Une remise en cause de toute la filière

Jusqu’à présent, les pouvoirs publics sont intervenus par des expédients pour redresser les trésoreries des éleveurs, en reportant des échéances de versements de charges, en attribuant des prêts à taux bonifiés, en dégageant des aides… Autant de mesures ponctuelles qui ne permettent pas de pérenniser des exploitations mais seulement de «faire la soudure» d’une crise à l’autre.

Si le gouvernement réduisait les charges des exploitants comme ils le demandent, rien ne dit que le bénéfice de cette mesure leur profiterait

Aujourd’hui, ce ne sont plus des aides que les exploitants réclament, mais des prix! Juste quelques euros de plus par litre… alors que plane la menace d’un prix au-dessous de 30 centimes le litre, à 28 centimes voire moins, des niveaux jamais atteints.

Pour éviter l’asphyxie à la production, tous les leviers doivent être actionnés. C’est d’abord l’organisation des filières qui doit aujourd’hui être remise à plat, de la collecte jusqu’à la distribution. Malheureusement, des tables rondes se sont tenues sur le sujet, sans apporter les modifications de structures nécessaires. Les producteurs réclament l’intervention de l’Etat, mais c’est aux professionnels de s’entendre. Difficile, compte tenu des enjeux financiers et des rapports de forces.

Et même si le gouvernement réduisait les charges des exploitants comme ils le demandent, rien ne dit que le bénéfice de cette mesure leur profiterait dans la mesure où ils ne fixent pas eux-mêmes le prix du lait, et que les industriels et distributeurs pourraient fort bien répercuter cette baisse sur les prix.

D’autres voies peuvent être explorées, comme la compétitivité des industriels du lait eux-mêmes face à la concurrence américaine et néo-zélandaise. Les possibilités de gains ne passent pas seulement par un laminage des prix payés aux producteurs pour gagner des marchés dans des pays en développement, dont les importations ont progressé de 25% par an au cours de la dernière décennie. Les perspectives de croissance mondiale offrent des marges de manœuvre.
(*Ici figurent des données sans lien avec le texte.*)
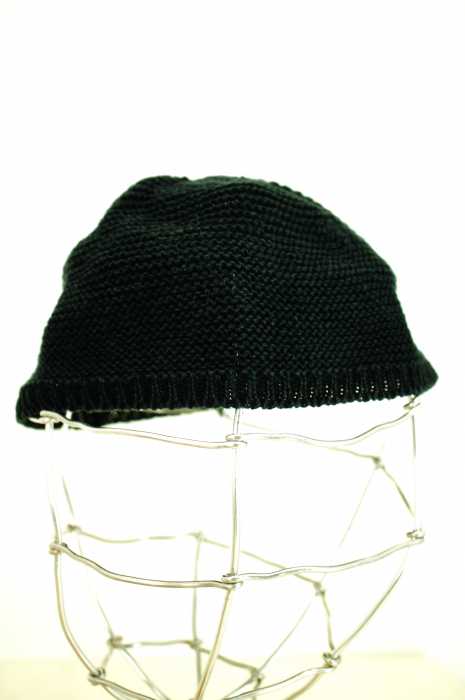 Borsalino(ボルサリーノ) リネンニットキャップ メンズ 帽子
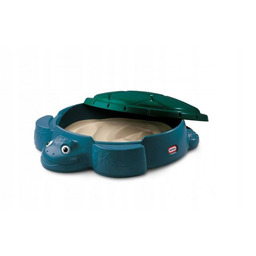Piaskownica zolw 1-pack Go Green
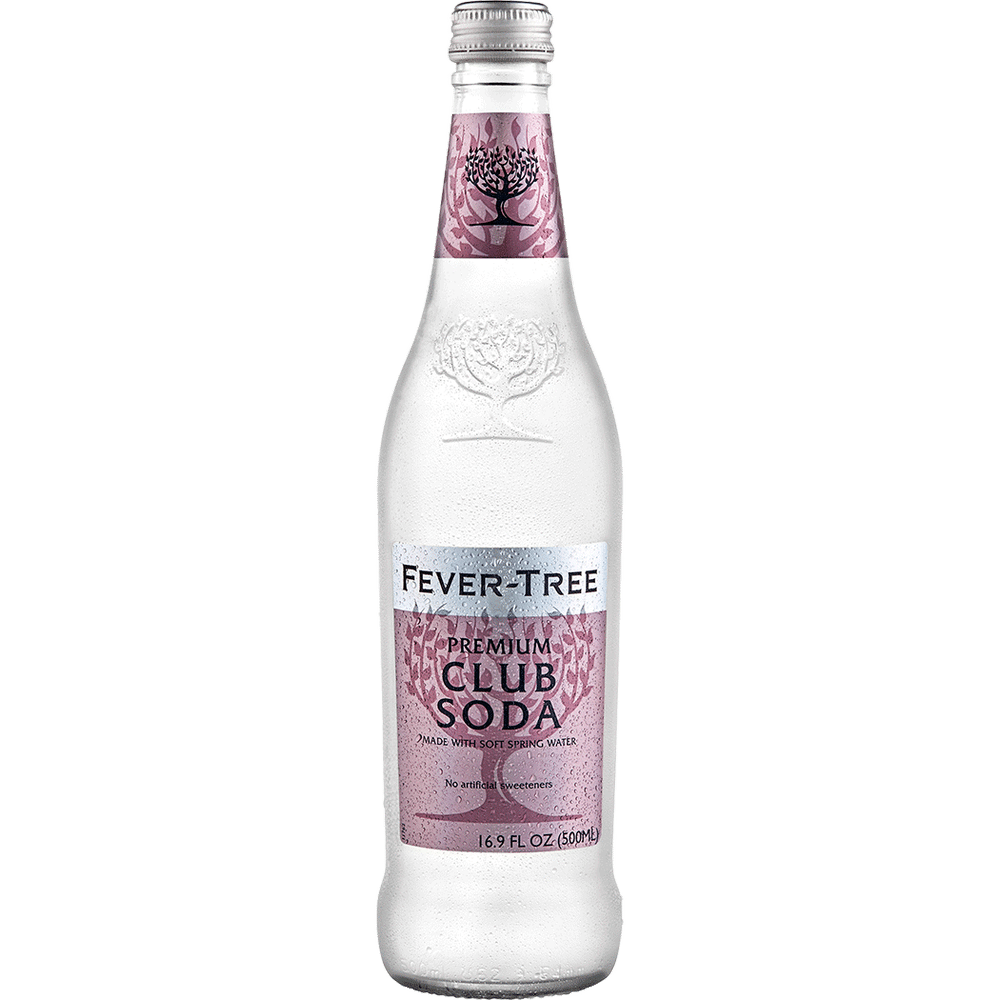 Fever Tree Club Soda Total Wine & More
Enfin, puisque le secteur laitier français met en avant la qualité, celle-ci doit pouvoir être répercutée dans le prix comme d’autres secteurs industriels savent le faire (le luxe ou le vin en France, l’automobile en Allemagne…), sans que personne ne s’en offusque lorsque cette qualité est reconnue. Mais rien ne pourra aboutir si les exploitants eux-mêmes ne construisent pas des offres spécifiques nouvelles, collectivement. Il en va de l’existence d’un secteur capital pour l’alimentation, la santé et l’économie. À ce titre, les consommateurs ont également un rôle à jouer: encore faut-il qu’ils disposent des informations nécessaires pour effectuer des arbitrages dans leurs achats.